By Devonna Edwards, Columnist
In January 1899, the SS Lake Superior arrived in Halifax Harbour with 2,000 Doukhobors aboard. The ship was flying a yellow flag, which signifies that there was disease aboard. When the Quarantine Officer went to check out the ship, he was told that an eight-year-old child had died of smallpox and was buried at sea. The passengers of the ship were then quarantined on Lawlor’s Island. The Doukhobors were Russian emigrants that had been exiled from their homeland due to their religious beliefs. They refused to serve in the army because they did not believe in killing and were perceived to be different, because they lived a communal lifestyle. As such they were ostracized by their government and the traditional churches, both were afraid of them.
Lawlor’s Island was only prepared to handle 1,400 people, and the carpenters of Halifax and Dartmouth refused to build additional structures, as they feared they could contract smallpox themselves. Fortunately, many of the Doukhobor men were woodworkers and carpenters, so they built another detention center to accommodate the balance of the 2000 immigrants, along with a kitchen and enlarged bath house. Food and supplies were sent to the island from Halifax.
To disinfect their bodies from the virus, sixty Doukhobors at a time were put in hot tubs. Their sheepskin coats were specially disinfected by a new formaldehyde concoction, used to keep the coats from falling apart. Other articles of clothing were disinfected by heating them to a very high temperature and then steamed again at even higher temperature. The SS Lake Superior, which transported the Doukhobors and their cargo, was also disinfected with sulphur under pressure for twentyfour hours. After three weeks on the island with no detection of smallpox they were permitted to leave, with no deaths reported beyond the one girl, who was the single case that brought about the original quarantine. As fate would have it, one birth of a baby girl occurred during the quarantine period on Lawlor`s Island, the first Doukhobor birth in Canada. The ship sailed for Saint John, New Brunswick where they departed from the S.S. Lake Superior and boarded a Canadian Pacific Railway train bound for western Canada, there they were allowed to keep their faith and live as they wanted. Over 7,500 Doukhobors immigrated to Canada in the early years and today there are between 30,000 and 50,000 living here.

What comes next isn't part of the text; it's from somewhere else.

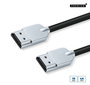 MicroConnect Cable HDMI 2.0 Ultra Delgado 0,5m Negro, 4K*2K@60HZ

The island is located at the mouth of Halifax Harbour, beside McNab’s Island and across from Eastern Passage. It is about three kilometres long and in 1750 it was called Bloss’s Island after Captain Thomas Bloss, who was given a land grant there. The island was also called by other names such as Webb’s Island, Carroll’s Island and McNamara Island, but the Mi’Kmaq were the first people to occupy the island using it as their summer encampment.
In 1866 Sir Charles Tupper, the City of Halifax’s Health Officer bought the island for the purpose of building a Quarantine Station for the victims of deadly contagious diseases, but that was not accomplished until after another cholera scare in 1871. A quarantine building that once stood on McNab’s Island called “the long shed” or “German Hospital” was disassembled and rebuilt on Lawlor’s Island. Three quarantine hospitals were built on Lawlor’s Island in 1871 and a Disinfected Station was added to the station in 1893. Three hospitals were built to accommodate the first-, second- and third-class passengers. One structure was 120 x 20 feet, and the others were 40 x 20 feet. The Quarantine Station included a smallpox unit, disinfection unit, care-takers residence and structures supplying water to the buildings.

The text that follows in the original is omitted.